Well, we talked a bit about this last week, and from my understanding of scripture (and of course, what was already studied for me), this is significant because this is the first time that God (who is Spirit) became flesh, or became human, and walked among us. This is why Christ is called "Immanuel" or "God with us."
It's important to recognize the fact that Christ took on flesh and became fully man because we do have other occurrences of God appearing to man throughout the Bible. Before Christ was born, God appeared to man in visual forms, but not in a human, fleshly body. These are called "theophanies." We know of at least seven occasions that God did this. However, at each of these instances, He did not appear in a fleshly body.
Here is the key to all of this and why it is important to make these distinctions. The incarnation means that God did not "dwell" in a human body.
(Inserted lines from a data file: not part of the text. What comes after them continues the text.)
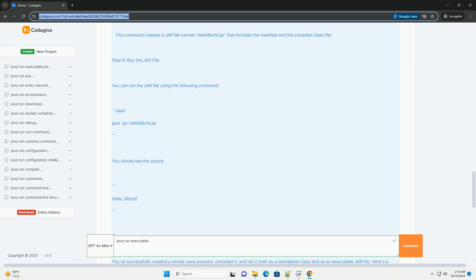3. Step 6: Run the jar file. You can run the jar file using the following command. You should see the output.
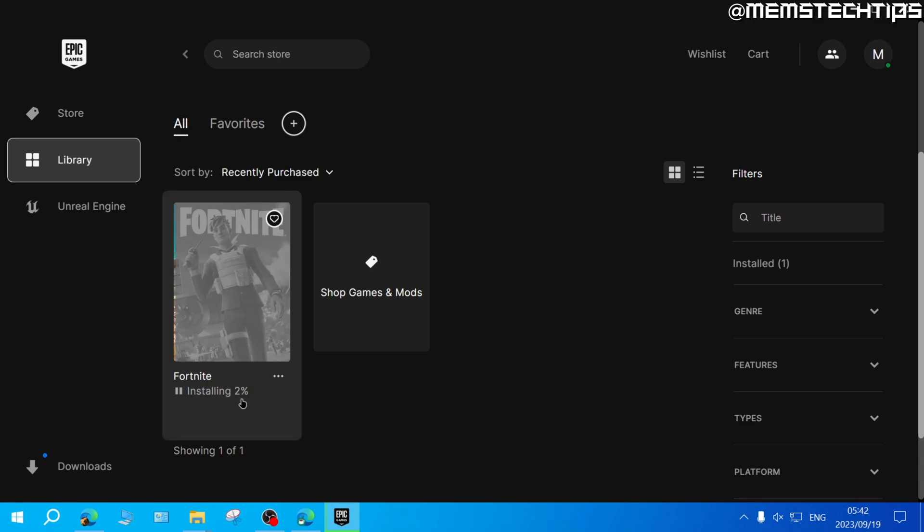You'll just need to wait for this to finish. Once it's finished, you can click on it to launch Fortnite, and then you'll be able to start playing Fortnite on PC.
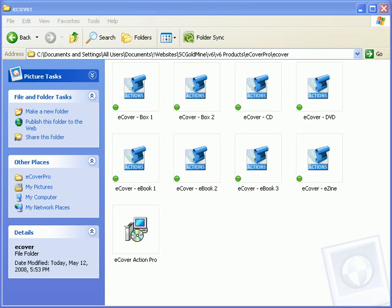In this short video we're going to show you how to install the eCover Pro action scripts. This is a two-step installation process. For step number one you're going to want to click the eCover Action Pro setup icon.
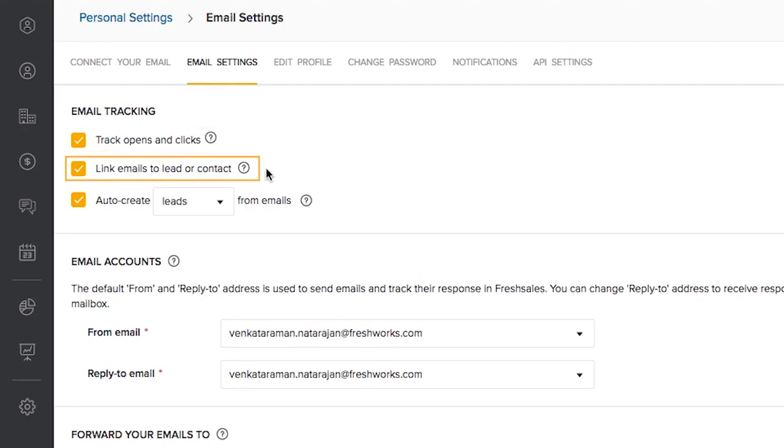Link emails to lead or contacts. Please ensure you have this option enabled if you would like to have your CRM and email in sync. This is primarily to ensure that the conversation with your leads are updated on both ends. A few businesses don't like all their emails with the leads to be synced. In such cases, you can turn this option off.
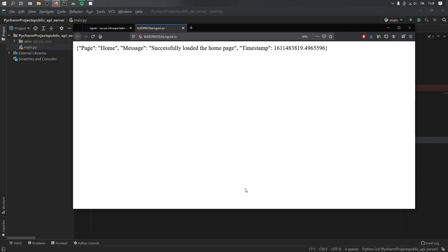All right, so what's up guys? In this video, I'm going to be showing you how to create your very own public API.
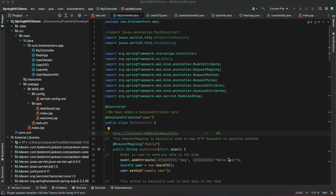In today's video we are going to see how to deploy an application in Apache Tomcat and run it on your local machine. I have already created and built one Spring MVC project. You can build the application and deploy it in Tomcat — you can create a JSP application, MVC application, or Spring MVC application. I have built mine and created the project in IntelliJ IDE.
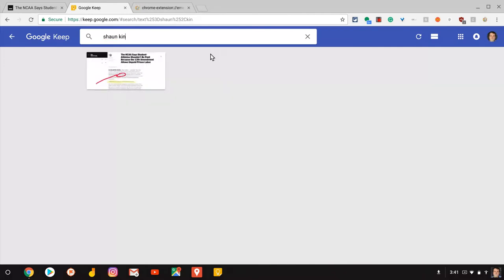Google Keep is awesome for searching text on images. You don't have to do anything other than import the image into a Google Keep note. So in conjunction with WebPaint, which is a great tool for annotating the web, this can be really powerful for clipping, saving, and then being able to search.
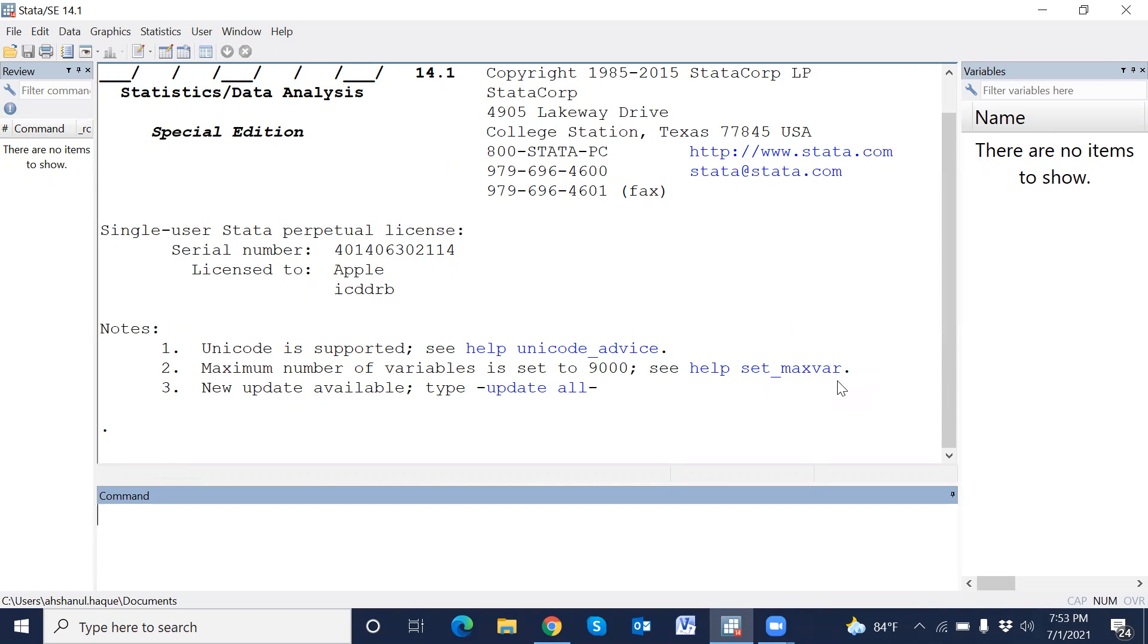Asalaamu Alaikum. Welcome to a new presentation. Today I am going to show how to calculate mean, variance, median, quartile, skewness, and kurtosis using a single command in STATA. So let's go.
Rather, it means that He became man, what He was not before. But, it's important to remember that He did not cease to be all that He was before.
All right, now that we've established the fact that Christ was God walking among us, let's talk about John's choice of words. In verse 14, he says, "And the Word became flesh and dwelt among us..." The word that John uses for "dwelt" here literally means "Christ tabernacled, or pitched his tent" on this earth. In other words, John wants to give the image of a temporary living quarter, or that Christ only lived here for a temporary man (33 years).
This translation reminds us of the tabernacle in the dessert and we can draw some parallels between the tabernacle of the Old Testament and Christ "tabernacling" (yes, I think I just made up a word, but you get the picture) in the New Testament.
For example, the tabernacle was a temporary thing, as was Christ. Now hold on, before that is taken the wrong way, what I mean is that Christ was only on this earth for approximately 33 years. Interestingly enough, the tabernacle was only used for about 35 years in the desert.
Moving on, we know that the tabernacle was God's dwelling place (check out Exodus 25:21-22). And of course, we remember the definition of "Immanuel", or "God With Us," meaning that Christ dwelt among us.
The tabernacle was where God met man. In the Old Testament, God told Moses how to build the tabernacle and said He would meet man there (again, Exodus 25:21-22). Today, Christ is the meeting place between God and man (John 14:6)
When God told Moses how to build the temple, He directed that it be placed in the middle of the Israelite camp. In the same way Christ should be in the middle of our lives. Going along with this thought, it says in the Old Testament that God's glory rested on the Tabernacle. In the same way, when Christ was walking among us, we beheld his glory.
Now, hold that thought on glory for next week. We're going to focus on Christ's glory and what it means for us and dig into some of the original Greek and meaning of the texts. For now, here are some questions for you:
1. Why do you think that John focused on Christ's incarnation if he is trying to prove Christ is God?
2. What are some of the theophanies of God that we see in the Old Testament?
3. What does Christ's "tabernacling" mean to you and how can we keep our focus on him in light of this idea?